Monday, March 2, 2009

Town Meeting: A Radical Tradition

Tomorrow is Town Meeting Day in Vermont. It’s a tradition that dates back to 1762 in this state, when the citizens of Bennington gathered to discuss and vote on community concerns. And it’s as close as America gets to real democracy. Thomas Jefferson called the New England town meeting "the wisest invention ever devised . . . for the perfect exercise of self-government.."

At least forty towns will weigh in this year on the future of Vermont Yankee, our state’s aging (and increasingly problem-plagued) nuclear plant. Three years ago, in 2006, Newfane and several other southern Vermont towns voted to impeach George Bush.

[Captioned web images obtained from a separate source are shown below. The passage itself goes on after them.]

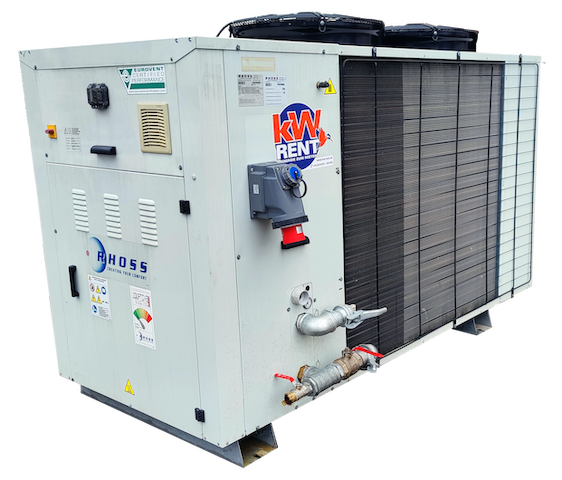 Kaltwassersatz 55kW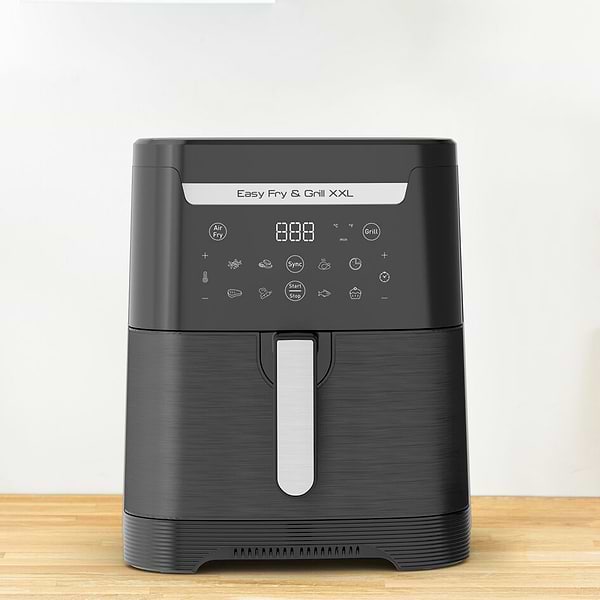 Фото - Уцінка - Мультипіч Tefal EY801815 Easy Fry & Grill XXL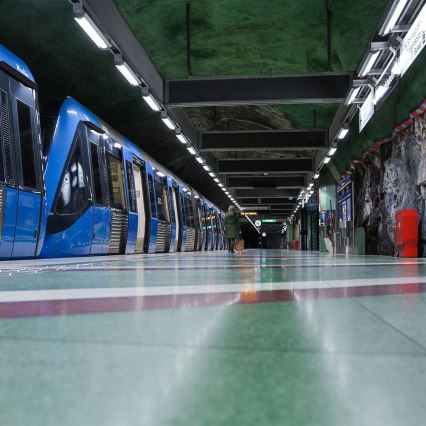 LED Lysrörsbelysning SAMSUNG CHIP LED/40W/230V 3000K 120 cm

In the past, agendas have included votes on the nuclear freeze, banning the production of land mines, and other issues that reach far beyond the municipal basics of school budgets and road repair.

Recently, the phrase “town meeting” has been co-opted by the media and political campaigns, used to describe stage-managed events that include hand-picked audiences and moderaters who keep dissent on the sidelines. Questions are as canned and predictable as the answers. “Town meeting” at this level has become just another televised exercise in political spin. That’s a perversion of our unruly New England tradition.

As a child, John Adams (our nation’s second president) attended town meetings in his hometown of Braintree, Massachusetts, where participants became so rowdy that a resolution had to be passed requiring participants not to stand up in the pews of the church where the people assembled. Now that’s grassroots!

Burlington, the city where I live, held its first town meeting in 1787. I’m not sure when the tradition died out. Now we go to the polls to elect a city council and mayor. There’s still a lot of room for citizen input here in the “People’s Republic,” but with over 40,000 residents, town meeting—where everyone has a voice and a vote--may no longer be practical. Yet we’ve lost something of value.

Suppose that at least once a year, neighbors of differing opinions (blue and red) , of all races, actually assembled in one room to talk about the issues that concerned them most, from taxes to foreign policy and healthcare? Imagine the conversations, the listening across ideological boundaries, the moments of learning and encounter. How different might America be if we had “Town Meeting Day” all across this land?

8 comments:

Tom Van Dyke said...

How different might America be if we had “Town Meeting Day” all across this land?

Oh, I think it'd be a lot like the city cable channel where a few thoughtful people are mixed in with a ton of mouthy cranks, and the cranks usually get the cheers.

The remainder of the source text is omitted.